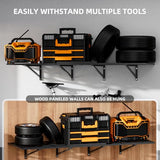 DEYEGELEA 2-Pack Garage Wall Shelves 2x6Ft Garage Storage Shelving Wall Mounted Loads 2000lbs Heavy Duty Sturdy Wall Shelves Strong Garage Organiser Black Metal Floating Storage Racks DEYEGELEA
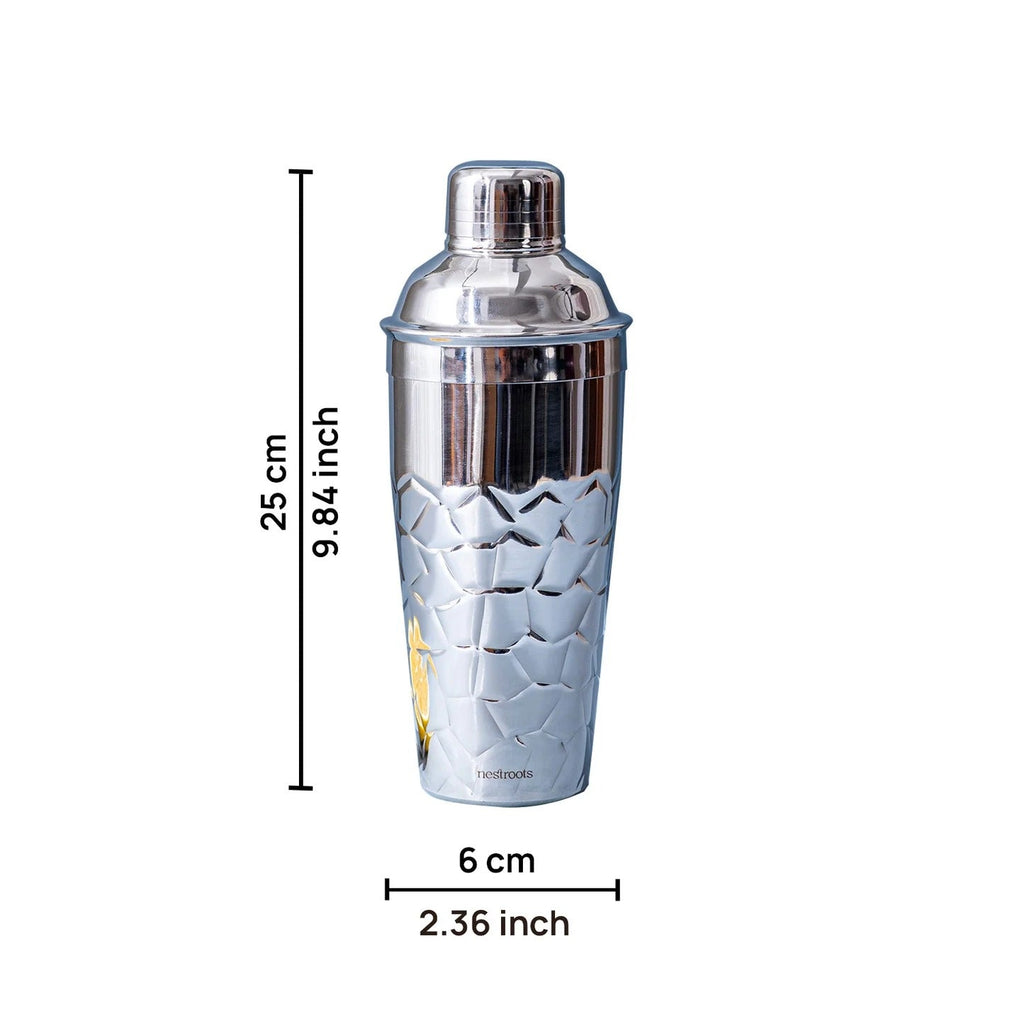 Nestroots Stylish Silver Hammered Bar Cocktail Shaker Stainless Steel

____________

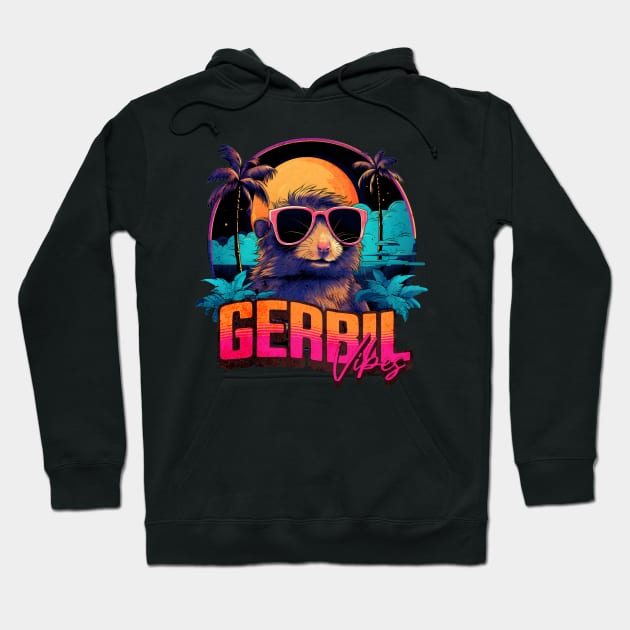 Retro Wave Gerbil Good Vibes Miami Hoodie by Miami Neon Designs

____________

#### [Task brief]
From the listing above, please give again the lines that begin with the line holding "DEYEGELEA 2-Pack Garage" and go on through the line holding "Nestroots Stylish Silver", exactly, both ends included, minus any picture.

#### [Your solution]
 DEYEGELEA 2-Pack Garage Wall Shelves 2x6Ft Garage Storage Shelving Wall Mounted Loads 2000lbs Heavy Duty Sturdy Wall Shelves Strong Garage Organiser Black Metal Floating Storage Racks DEYEGELEA
 Nestroots Stylish Silver Hammered Bar Cocktail Shaker Stainless Steel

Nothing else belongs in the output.